Task description -> Find the line below with "شهادت امام حسن عسگری ( ع )". Print it and every line after it exactly, through the last line, leaving out the pictures.

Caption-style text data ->
-=-=-

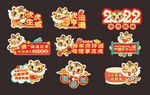 2022 虎年 手举牌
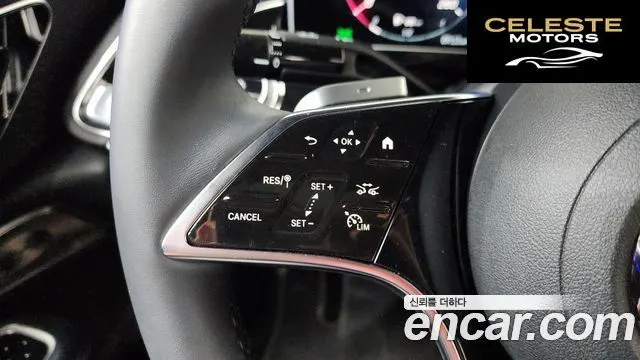 MERCEDES BENZ E-Classe W214 E300 4MATIC Exclusive 2025 — photo 15 sur 38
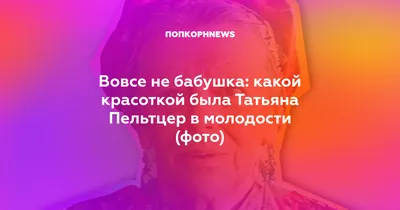 Шедевры фотографии Татьяны Пельтцер: наслаждайтесь работами талантливых авторов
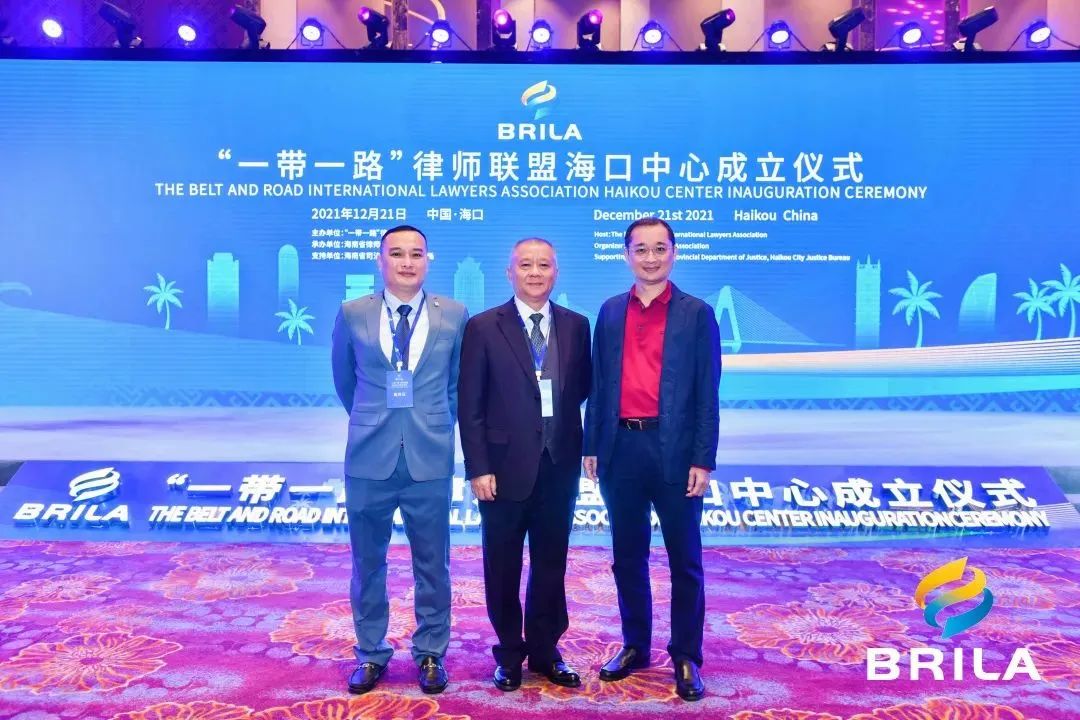 炜衡律师受邀参加“一带一路”律师联盟海口中心成立仪式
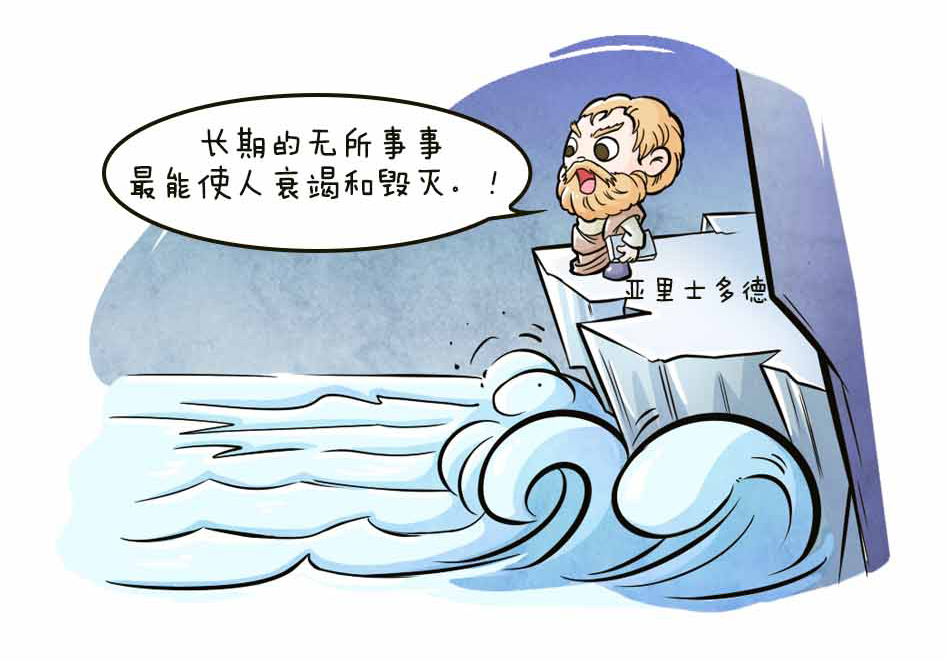看完死亡菜单，你还敢自杀吗？_19.jpg
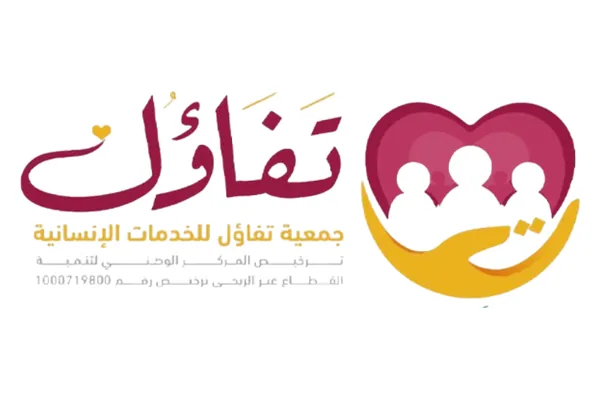 جمعية تفاؤل للخدمات الإنسانية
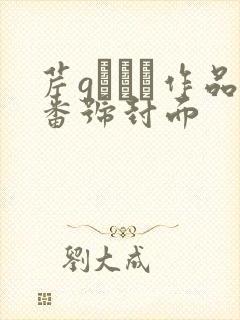 芹gつむぎ作品番号封面
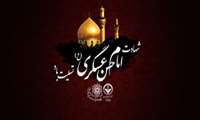شهادت امام حسن عسگری ( ع ) 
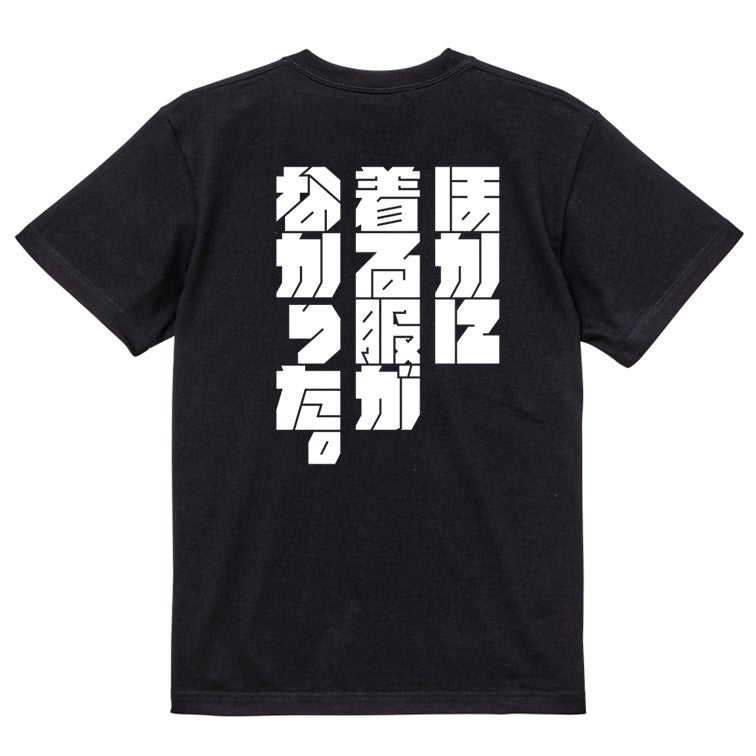 迫力文字ネタ系半袖Tシャツ【ほかに着る服がなかった。(迫力文字)】おもしろTシャツ　ネタTシャツ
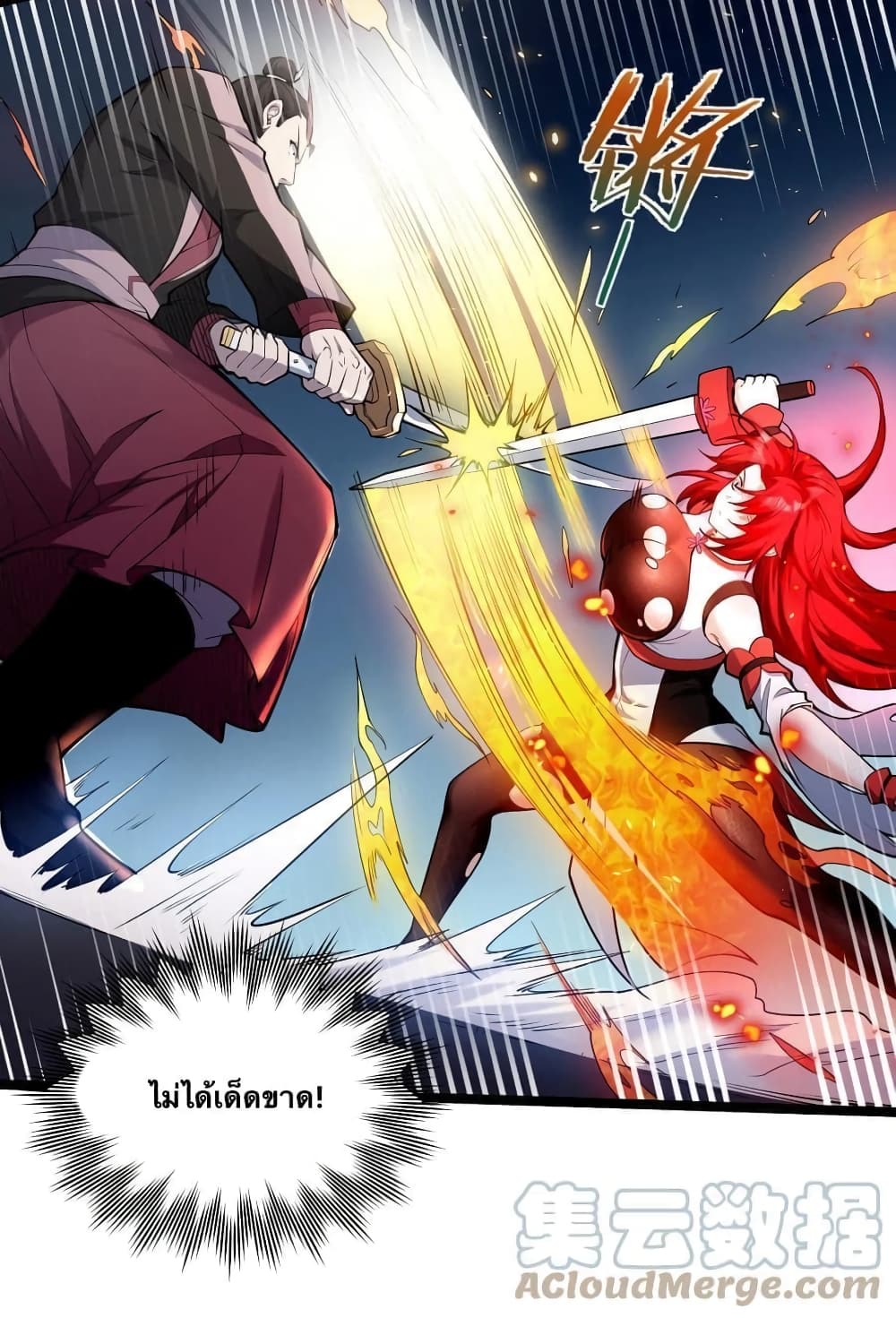 Godsian Masian from Another World 54 แปลไทย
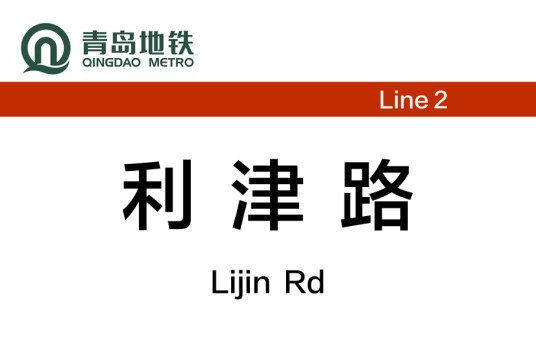 利津路站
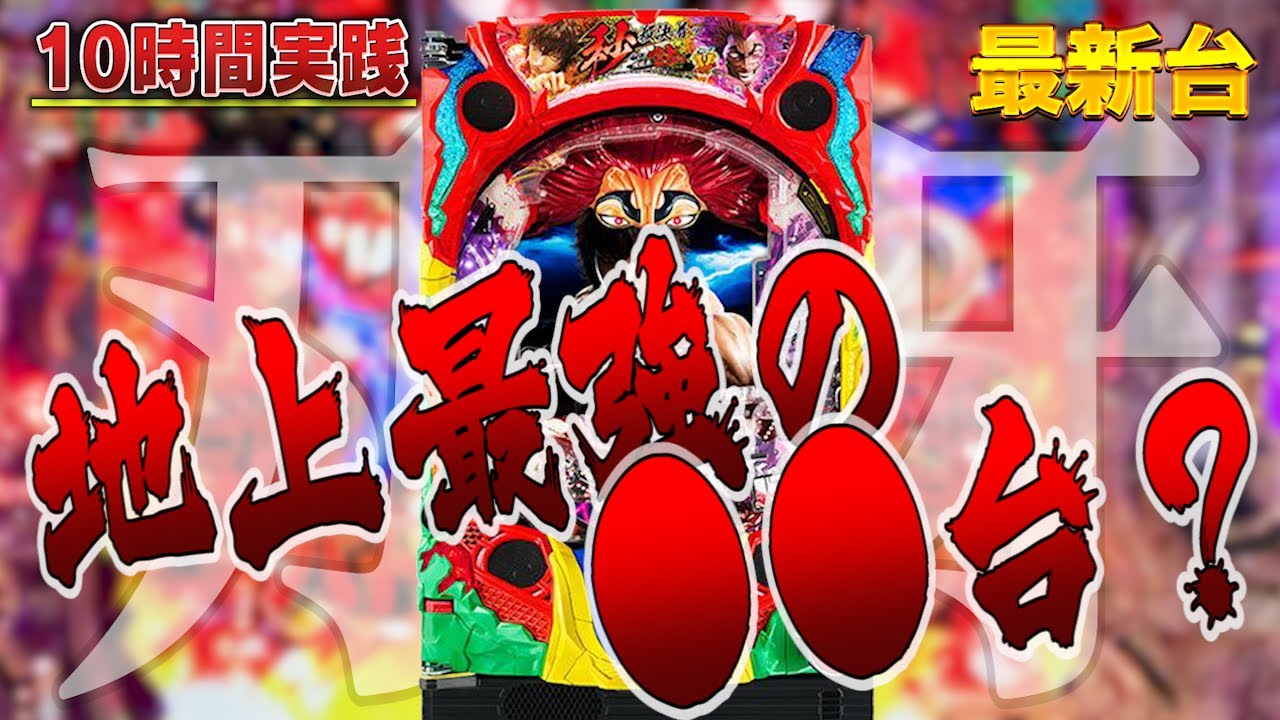 新台10時間実践 P バキ319ver 地上最強 Youtube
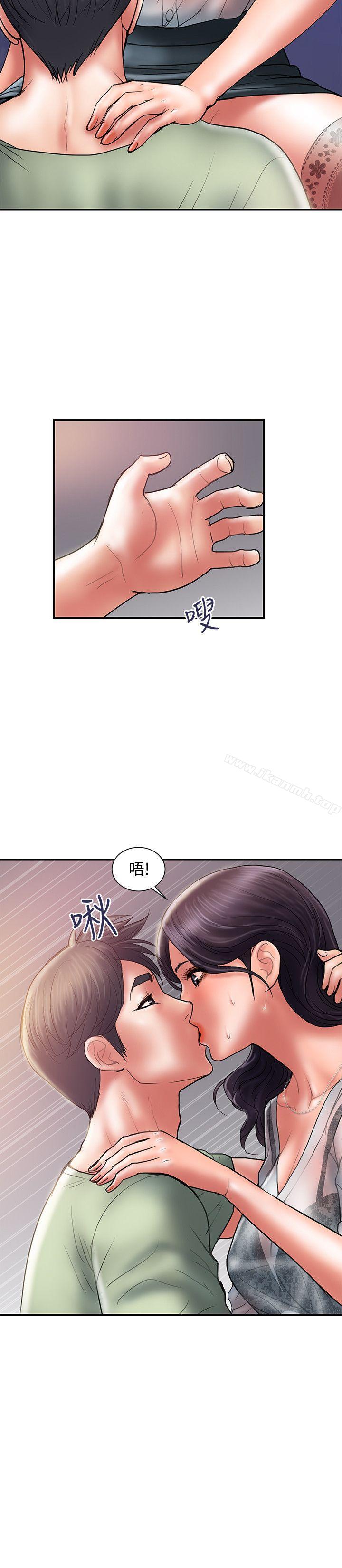 《計劃出軌》漫画 第5話-今天來點特別的吧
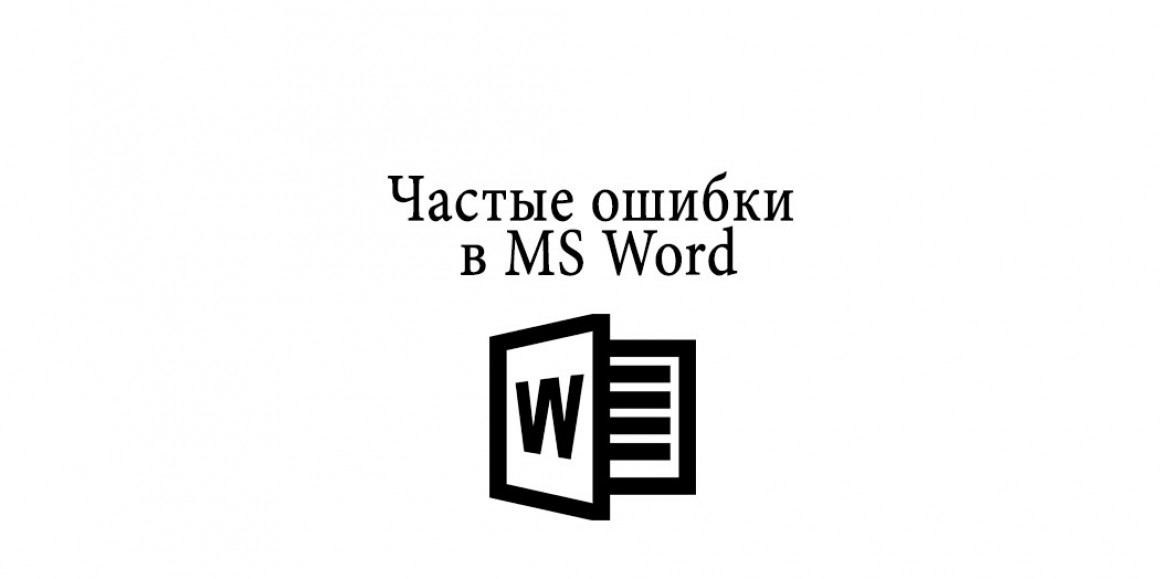 word_mistakes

-=-=-

Output for this task ->
شهادت امام حسن عسگری ( ع ) 
 迫力文字ネタ系半袖Tシャツ【ほかに着る服がなかった。(迫力文字)】おもしろTシャツ　ネタTシャツ
 Godsian Masian from Another World 54 แปลไทย
 利津路站
 新台10時間実践 P バキ319ver 地上最強 Youtube
 《計劃出軌》漫画 第5話-今天來點特別的吧
 word_mistakes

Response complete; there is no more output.